From what Ive read in an xisystems article…

zil is located in the the pool.
So if something requests sync writes, it writes it there before then writing it to the pool.

So if you have a dedicated slog, that prevents the double writes to the pool (once to zil , then again into the pool)

reavessm · March 6, 2020, 8:08pm

Yes, it still double writes. But whether it holds on to 4 GB vs 8 GB would depend on how much data is in flight. After it flushes to the pool, the ZIL is cleared.

And all that only matters for sync writes. If you really want speed at the expense of reliability, you can set a tunable (sync=never? I can’t remember which one) and it treats everything as async, using no ZIL and not incurring a double write penalty.

reavessm · March 6, 2020, 8:12pm

This guy will answer all of your questions:

bootch · March 6, 2020, 9:34pm

<3 Lawrence

thro · March 8, 2020, 3:13am

Depends how much RAM you need for other things vs. how much RAM you leave for ZFS.

Given your userbase of a handful of users, and non/minimally-cacheable use case, i’d say a couple of gigs tops for ZFS use would be plenty. You may want to tune its max RAM usage and experiment.

Compression is almost free (so even if it is non-compressible data, its “good enough” to just leave it on and forget what you store on what data-set) due to modern CPUs running the algorithm so fast and spinning rust being comparatively slow.

You can experiment with on vs. off but any CPU of the past 10 years is fast enough to make leaving it on almost free.

One pretty big handful of salt you need to take when reading ZFS documentation on cache, etc. is that it was originally designed for enterprise storage arrays, and that’s the context a lot of the documentation was written for. These enterprise arrays are normally serving hundreds or thousands of users - not a handful in a home environment.

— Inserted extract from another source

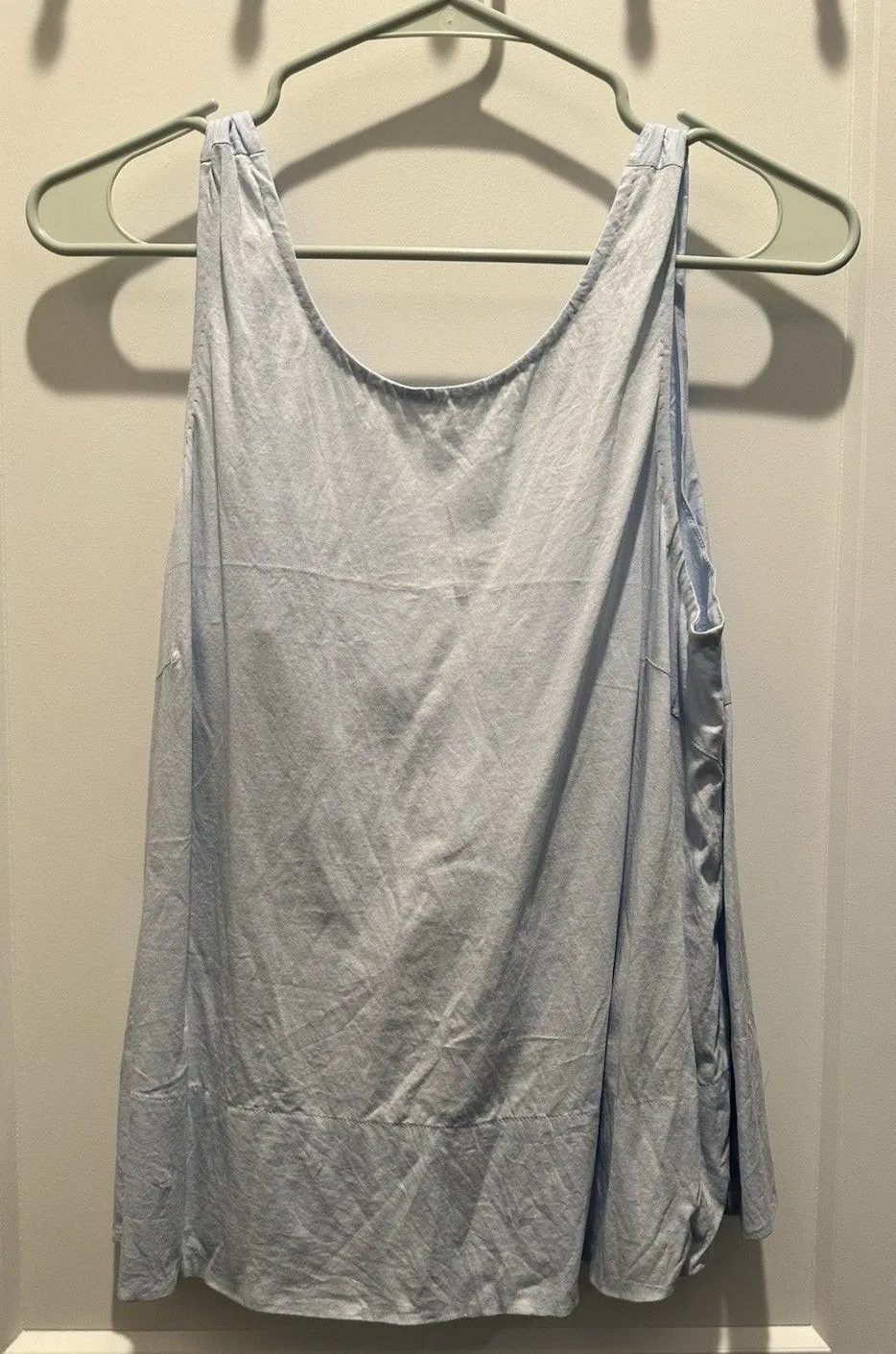 Women’s Club Monaco Light Blue Tank Tie Back Blouse Size L Lightweight Beach - Image 1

The less users you have, in general the less effective cache is. And archival type use (which is more write heavy than repeated read of same data) doesn’t get much benefit from cache either.

That’s why i’m suggesting to just use RAM and not bother with a ZIL or L2ARC on SSD. I just think that the benefit vs. additional complexity and losing an SSD you could do something more productive with (like run more of your “current” data/games/whatever or OS off it at SSD speed) wouldn’t be worth it.

If you have the time, experiment with a couple of configs before committing to it and see for yourself whether or not the benefits are there for what you’re doing with it.

However for my use case (basically archival / media dump NAS - sound similar to me, to what you’d be doing) i got away with an ancient AMD APU with 2GB of RAM running FreeNAS (yeah i didn’t meet their recommended spec!) and 2x 2 drive mirrors for a while. I added another 8 GB (so it has 10 GB in total) and have been happy enough with the performance for what it does ever since. The extra RAM made bugger all difference to performance that i can remember, however i could then run plugins on it for transmission, plex, etc.).

I’m due to replace the thing, but not out of performance requirements, just purely because the hardware is ancient and i don’t want to rely on it

system · December 6, 2020, 9:13pm

This topic was automatically closed 273 days after the last reply. New replies are no longer allowed.